Between the Waves (Exodus Chapter Fourteen)

This morning’s devotion comes from Nick Lannon’s newly released book, Life Is Impossible: And That’s […]

Mockingbird / 7.29.19

This morning’s devotion comes from Nick Lannon’s newly released book, Life Is Impossible: And That’s Good News. The following excerpt was taken from Chapter 4, “The Impossible in Scripture,” a tour of divine surprises.

As Pharaoh drew near, the Israelites looked back, and there were the Egyptians advancing on them. In great fear the Israelites cried out to the Lord. […] Moses said to the people, “Do not be afraid, stand firm, and see the deliverance that the Lord will accomplish for you today; for the Egyptians whom you see today you shall never see again. The Lord will fight for you, and you have only to keep still.”
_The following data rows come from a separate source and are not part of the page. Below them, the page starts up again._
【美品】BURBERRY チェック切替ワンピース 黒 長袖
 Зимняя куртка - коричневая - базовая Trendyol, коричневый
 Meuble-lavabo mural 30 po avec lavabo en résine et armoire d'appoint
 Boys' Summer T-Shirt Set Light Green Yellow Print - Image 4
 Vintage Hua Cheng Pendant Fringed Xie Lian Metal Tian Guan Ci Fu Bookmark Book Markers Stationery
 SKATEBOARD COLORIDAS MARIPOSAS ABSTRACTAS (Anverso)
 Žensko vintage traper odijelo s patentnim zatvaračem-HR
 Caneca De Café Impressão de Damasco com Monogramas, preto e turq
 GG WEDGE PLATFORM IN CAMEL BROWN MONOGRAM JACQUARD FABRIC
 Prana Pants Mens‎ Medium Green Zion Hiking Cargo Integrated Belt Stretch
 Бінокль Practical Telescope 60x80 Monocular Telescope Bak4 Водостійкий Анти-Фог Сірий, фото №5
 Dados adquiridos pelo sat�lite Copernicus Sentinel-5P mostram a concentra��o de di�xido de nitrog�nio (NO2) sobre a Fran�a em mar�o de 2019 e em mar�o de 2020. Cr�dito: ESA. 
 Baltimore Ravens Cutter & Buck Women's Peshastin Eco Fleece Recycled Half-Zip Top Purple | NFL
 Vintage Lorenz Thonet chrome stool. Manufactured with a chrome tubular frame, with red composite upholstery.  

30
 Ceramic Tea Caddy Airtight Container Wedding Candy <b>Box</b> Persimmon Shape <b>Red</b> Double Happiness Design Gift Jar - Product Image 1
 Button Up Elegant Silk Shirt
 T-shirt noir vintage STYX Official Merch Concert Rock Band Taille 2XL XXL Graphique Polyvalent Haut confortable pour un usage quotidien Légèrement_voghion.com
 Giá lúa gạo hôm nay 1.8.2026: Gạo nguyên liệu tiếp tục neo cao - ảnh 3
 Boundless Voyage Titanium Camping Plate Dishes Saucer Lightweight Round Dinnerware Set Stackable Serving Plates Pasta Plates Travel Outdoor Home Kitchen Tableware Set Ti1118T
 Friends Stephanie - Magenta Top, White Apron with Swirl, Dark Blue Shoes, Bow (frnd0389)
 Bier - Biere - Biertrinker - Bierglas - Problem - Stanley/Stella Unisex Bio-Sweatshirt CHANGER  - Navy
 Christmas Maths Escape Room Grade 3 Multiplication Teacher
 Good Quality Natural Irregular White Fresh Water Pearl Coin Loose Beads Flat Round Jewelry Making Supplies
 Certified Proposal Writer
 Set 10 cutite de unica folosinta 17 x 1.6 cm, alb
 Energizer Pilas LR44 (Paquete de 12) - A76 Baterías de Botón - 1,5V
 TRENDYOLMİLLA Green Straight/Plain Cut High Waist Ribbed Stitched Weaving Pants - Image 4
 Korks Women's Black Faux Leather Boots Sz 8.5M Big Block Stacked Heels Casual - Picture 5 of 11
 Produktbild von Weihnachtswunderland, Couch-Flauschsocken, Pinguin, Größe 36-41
Having only recently felt the freedom of having escaped from slavery in Egypt, God’s people are trapped. A huge sea is in front of them, a giant desert is all around them, and an enormous army commanded by an angry Pharaoh is bearing down on them. There seems to literally be no way out but death, and they complain to Moses that it would have been better for them to have been left in punishing slavery in Egypt than to face the fate that is before them now.

But the God of the impossible is just about to get to work. “The LORD said to Moses, ‘Why do you cry to me? Tell the people of Israel to go forward. Lift up your staff, and stretch out your hand over the sea and divide it, that the people of Israel may go through the sea on dry ground’” (Exodus 14:15-16).

God doesn’t send his people around the Red Sea. He doesn’t arrange it so that a great fleet shows up in the nick of time. He doesn’t bring them out of Egypt by any difficult route. He brings them out of Egypt by an impossible route: through the midst of a sea, but on dry ground. As we have seen time and again in Scripture, this is the way the God of Abraham, Isaac, and Jacob works. There are countless more examples—some of which we will look at later in this book—of the God of creation seemingly circumventing the natural rules of that creation to achieve his purposes. Our God delights in accomplishing the impossible. This is good news indeed.